And in some ways, those A&TA albums sound even better and oddball eccentric on return. With more music and knowledge packing your ears and creaking your shelves (files? clouds?), Adam and the Ants aren’t just TOTP idols like they were when you were seven or eight. They’re post-punk, digging Bowie and Roxy and Iggy but flashfunflamboyant and rhythm-heavy with tough guitars and 50s surf and Western spaghetti and storytelling bravado… not the usual chart-topper mix, is it?

Now it’s 8 June 2016. Last week was the 40th anniversary of the Lesser Free Trade Hall gigs in Manchester by the Sex Pistols, a band who supported a pre-Ants Adam in Bazooka Joe, and it’s just gone 35 years since the Bazooka departer set Kings of the Wild Frontier loose. Adam Ant plays it in full.

So the show starts with the main item, straight in without announcement to Dog Eat Dog and on through to Human Beings without banter, deviation or improv. You’ve got the tracks, what else do you need to know? That the two-drummer line-up does the record’s Burundi rhythms justice? That Ant’s voice is ON and in top nick, and so is he, belying his 63 years with ease? 

True and staggeringly true. And if the guitar overdrive sometimed flattens the subtleties of the Ants’ original, it means his band are more than suited to the Dirk tracks that dominate the second half and to me, this is where the gig starts to feel like a proper gig. Not because Kings ain’t ace – it is – but because after that, we don’t know exactly what’s coming. Even Ant himself looks more relaxed post-Kings as he leads the band into Beat My Guest. And Christian D’or. And .. fuck it, I’m just gonna reel off as many tracks as I can remember in no particular order so that you know exactly what kind of a set he’s pulling off these days: Stand and Deliver. Cartrouble, Xerox, Never Trust a Man (With Egg on his Face), Vive le Rock, Press Darlings, Fall-In, Prince Charming, Desperate But Not Serious, Goody Two Shoes, Red Scab, Marc Bolan’s Get it On. How’s that for a bunch of killer tunes after an album of killer tunes? Vive Le Rock surprises – forgotten how ridiculously catchy it is – while Press Darlings has possibly the best stickwork of the night, which might be a controversial claim given that we’ve just had KOTWF in full but with those drums and that riff, the track takes on a Killing Joke air.
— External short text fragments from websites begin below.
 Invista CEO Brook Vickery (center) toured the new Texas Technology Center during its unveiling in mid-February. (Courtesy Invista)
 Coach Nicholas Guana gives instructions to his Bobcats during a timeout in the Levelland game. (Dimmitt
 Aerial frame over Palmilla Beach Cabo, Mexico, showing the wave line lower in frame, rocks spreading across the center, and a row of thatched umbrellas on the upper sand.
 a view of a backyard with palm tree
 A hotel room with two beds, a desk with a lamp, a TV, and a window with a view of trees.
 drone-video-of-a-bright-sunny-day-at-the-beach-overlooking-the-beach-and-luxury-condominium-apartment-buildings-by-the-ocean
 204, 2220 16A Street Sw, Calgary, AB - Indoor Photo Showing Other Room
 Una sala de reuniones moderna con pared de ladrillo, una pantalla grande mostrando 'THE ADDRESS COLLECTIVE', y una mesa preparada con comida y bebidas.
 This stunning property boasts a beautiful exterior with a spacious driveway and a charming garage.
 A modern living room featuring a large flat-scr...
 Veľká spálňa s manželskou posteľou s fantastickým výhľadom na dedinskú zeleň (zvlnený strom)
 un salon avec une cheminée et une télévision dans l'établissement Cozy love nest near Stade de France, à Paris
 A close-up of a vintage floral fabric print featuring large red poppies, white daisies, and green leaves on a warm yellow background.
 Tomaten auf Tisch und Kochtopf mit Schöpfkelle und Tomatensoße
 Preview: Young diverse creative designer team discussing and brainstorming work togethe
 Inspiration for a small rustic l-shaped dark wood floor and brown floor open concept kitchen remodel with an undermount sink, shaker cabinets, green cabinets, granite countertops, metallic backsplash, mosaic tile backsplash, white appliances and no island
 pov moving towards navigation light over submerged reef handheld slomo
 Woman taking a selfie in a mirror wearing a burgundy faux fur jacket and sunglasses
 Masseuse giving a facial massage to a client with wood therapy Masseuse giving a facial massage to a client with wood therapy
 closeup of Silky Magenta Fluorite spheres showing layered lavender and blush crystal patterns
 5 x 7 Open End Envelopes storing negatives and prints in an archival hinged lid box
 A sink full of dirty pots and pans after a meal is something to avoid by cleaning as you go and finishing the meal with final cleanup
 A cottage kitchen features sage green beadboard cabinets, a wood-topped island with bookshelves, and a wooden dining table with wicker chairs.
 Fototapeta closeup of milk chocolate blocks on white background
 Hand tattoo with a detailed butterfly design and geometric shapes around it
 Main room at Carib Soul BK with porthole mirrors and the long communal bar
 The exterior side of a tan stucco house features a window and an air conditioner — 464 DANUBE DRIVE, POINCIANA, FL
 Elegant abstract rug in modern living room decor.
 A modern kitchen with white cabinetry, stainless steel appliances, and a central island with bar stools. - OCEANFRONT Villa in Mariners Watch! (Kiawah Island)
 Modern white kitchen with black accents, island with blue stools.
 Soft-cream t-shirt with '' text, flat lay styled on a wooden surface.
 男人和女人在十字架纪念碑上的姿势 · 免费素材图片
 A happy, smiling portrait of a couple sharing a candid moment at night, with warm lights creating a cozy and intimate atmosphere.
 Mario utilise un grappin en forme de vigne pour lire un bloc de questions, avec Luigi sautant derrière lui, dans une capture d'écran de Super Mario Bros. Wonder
Never noticed that before. 

The night ends with the ever-sleazy Physical (You’re So), a reminder of Adam Ant’s legacy, post-punk credentials and alt-rock influence. Still a showman, still a maverick and still carrying a misfit aura, the joy and affection pulsing out for the band and their leader is proof that we are all Ant’s people. Wherever next for the Wild Nobility?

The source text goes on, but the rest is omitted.